*** Opening RECORDS SUPPLIED ***
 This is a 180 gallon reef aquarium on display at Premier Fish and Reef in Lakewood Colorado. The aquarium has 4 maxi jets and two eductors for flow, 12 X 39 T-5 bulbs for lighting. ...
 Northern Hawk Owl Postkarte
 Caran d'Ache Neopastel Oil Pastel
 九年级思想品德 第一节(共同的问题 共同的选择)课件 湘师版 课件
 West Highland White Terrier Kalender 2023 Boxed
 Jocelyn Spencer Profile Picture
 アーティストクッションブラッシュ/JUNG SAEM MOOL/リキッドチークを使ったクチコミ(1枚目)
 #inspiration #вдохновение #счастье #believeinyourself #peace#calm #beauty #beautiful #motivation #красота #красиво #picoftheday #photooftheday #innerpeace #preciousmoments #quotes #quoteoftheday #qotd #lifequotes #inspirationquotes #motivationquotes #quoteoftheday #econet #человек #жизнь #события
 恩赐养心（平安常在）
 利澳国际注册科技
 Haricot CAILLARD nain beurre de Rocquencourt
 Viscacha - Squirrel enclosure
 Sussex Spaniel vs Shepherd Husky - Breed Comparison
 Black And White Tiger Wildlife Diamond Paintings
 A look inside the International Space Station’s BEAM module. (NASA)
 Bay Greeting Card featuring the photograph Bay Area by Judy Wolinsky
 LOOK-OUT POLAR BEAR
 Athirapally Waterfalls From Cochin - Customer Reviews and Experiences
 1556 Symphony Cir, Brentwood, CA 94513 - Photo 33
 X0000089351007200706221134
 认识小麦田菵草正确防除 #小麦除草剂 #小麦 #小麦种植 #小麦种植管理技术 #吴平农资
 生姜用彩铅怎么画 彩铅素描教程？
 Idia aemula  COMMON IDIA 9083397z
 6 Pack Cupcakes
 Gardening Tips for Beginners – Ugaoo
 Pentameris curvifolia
*** Closing RECORDS SUPPLIED ***
• YOUR TASK:
Using the entries above, return each line in which the word "White" occurs.

• ANSWER SECTION:
 West Highland White Terrier Kalender 2023 Boxed
 Black And White Tiger Wildlife Diamond Paintings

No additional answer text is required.